Below are entries with pictures in them. Output exactly the lines starting at the line with "Kalvin squirms as" and ending at the line with "EBC 06-11 Saab", both included, but not the pictures.

Record excerpts>
BEGIN
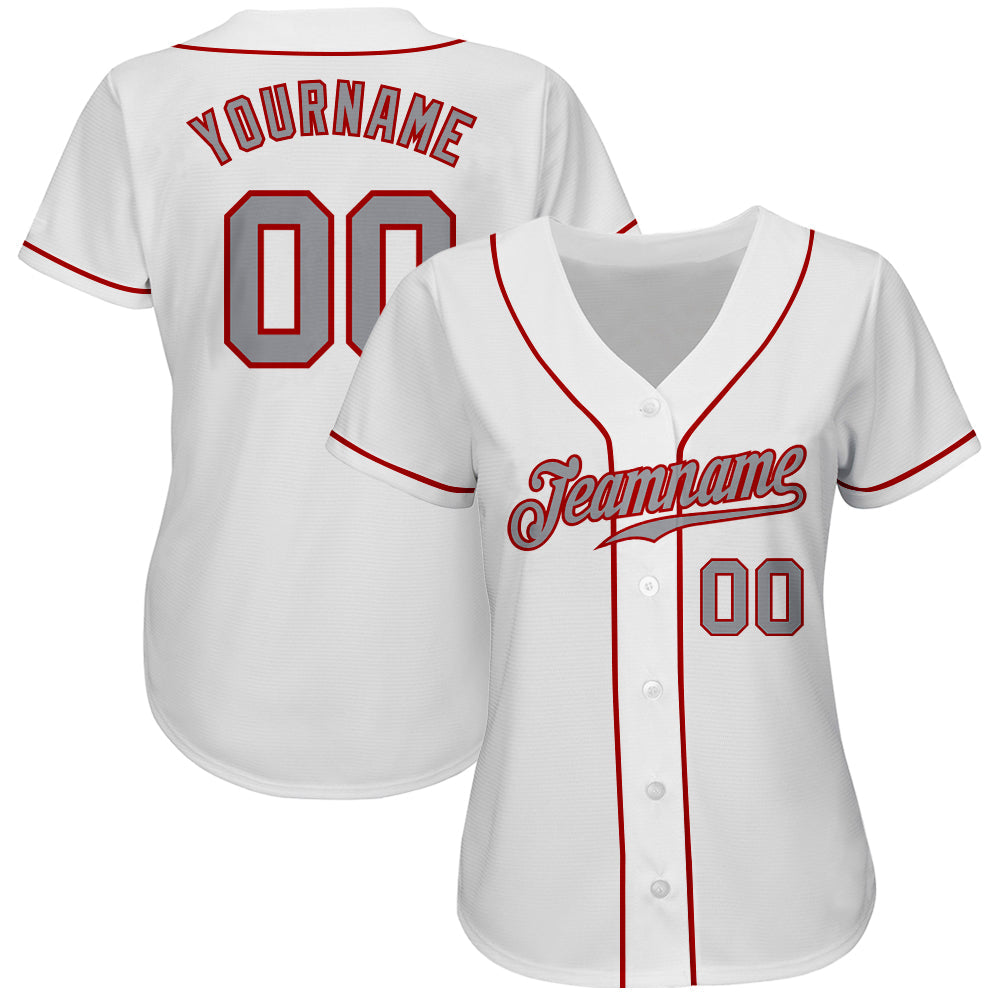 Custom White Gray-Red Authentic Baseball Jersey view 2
END
BEGIN
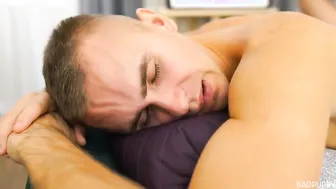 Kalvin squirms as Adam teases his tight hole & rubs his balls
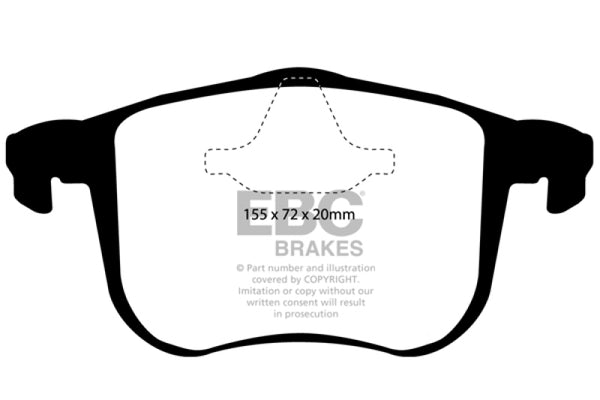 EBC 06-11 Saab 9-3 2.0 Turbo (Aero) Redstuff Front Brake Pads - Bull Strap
END
BEGIN
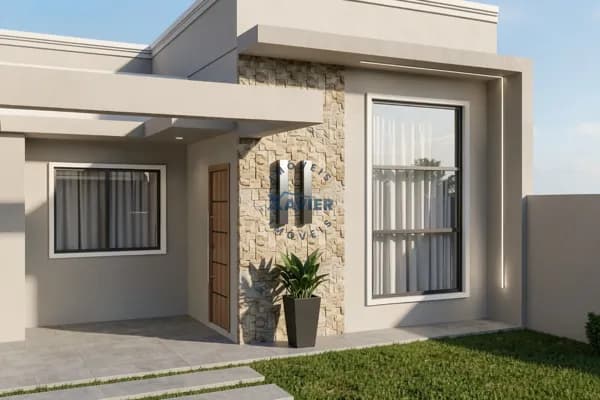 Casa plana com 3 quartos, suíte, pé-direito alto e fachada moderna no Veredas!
END
Solution>
 Kalvin squirms as Adam teases his tight hole & rubs his balls
 EBC 06-11 Saab 9-3 2.0 Turbo (Aero) Redstuff Front Brake Pads - Bull Strap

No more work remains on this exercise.